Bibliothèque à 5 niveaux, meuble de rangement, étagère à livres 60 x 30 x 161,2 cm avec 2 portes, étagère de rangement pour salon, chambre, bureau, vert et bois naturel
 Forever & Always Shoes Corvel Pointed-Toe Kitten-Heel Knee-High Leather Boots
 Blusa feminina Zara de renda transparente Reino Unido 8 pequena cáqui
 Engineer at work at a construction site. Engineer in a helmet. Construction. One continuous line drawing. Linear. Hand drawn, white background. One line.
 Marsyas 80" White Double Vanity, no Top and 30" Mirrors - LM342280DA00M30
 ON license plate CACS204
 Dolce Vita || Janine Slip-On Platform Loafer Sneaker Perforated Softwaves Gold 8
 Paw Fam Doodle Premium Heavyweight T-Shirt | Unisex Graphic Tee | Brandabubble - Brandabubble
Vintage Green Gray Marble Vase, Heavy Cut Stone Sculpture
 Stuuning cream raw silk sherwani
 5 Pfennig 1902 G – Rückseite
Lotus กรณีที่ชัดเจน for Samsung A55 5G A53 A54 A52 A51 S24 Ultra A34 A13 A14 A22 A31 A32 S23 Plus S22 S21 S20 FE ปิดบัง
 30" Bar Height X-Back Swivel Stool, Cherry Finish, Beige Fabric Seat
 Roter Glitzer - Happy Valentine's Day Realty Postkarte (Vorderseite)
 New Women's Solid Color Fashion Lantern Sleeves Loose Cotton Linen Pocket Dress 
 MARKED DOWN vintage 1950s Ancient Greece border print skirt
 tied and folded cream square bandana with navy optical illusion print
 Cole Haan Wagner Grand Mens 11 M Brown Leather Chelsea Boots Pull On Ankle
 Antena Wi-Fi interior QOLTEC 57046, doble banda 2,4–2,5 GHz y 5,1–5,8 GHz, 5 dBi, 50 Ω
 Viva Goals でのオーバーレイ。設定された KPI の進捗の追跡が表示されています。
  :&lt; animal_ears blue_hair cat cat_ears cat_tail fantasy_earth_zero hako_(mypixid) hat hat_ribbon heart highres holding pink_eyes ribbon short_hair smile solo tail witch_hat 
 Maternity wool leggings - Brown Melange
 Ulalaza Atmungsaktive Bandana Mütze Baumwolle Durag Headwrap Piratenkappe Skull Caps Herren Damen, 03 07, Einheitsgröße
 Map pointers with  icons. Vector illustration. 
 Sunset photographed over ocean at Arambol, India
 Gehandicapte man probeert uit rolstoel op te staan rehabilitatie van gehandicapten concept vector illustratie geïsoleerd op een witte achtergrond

═══

* **About this task**
Please copy the line that contains "Map pointers with" and each line after it through the end of the records, exactly, and no other lines.

* **Response**
 Map pointers with  icons. Vector illustration. 
 Sunset photographed over ocean at Arambol, India
 Gehandicapte man probeert uit rolstoel op te staan rehabilitatie van gehandicapten concept vector illustratie geïsoleerd op een witte achtergrond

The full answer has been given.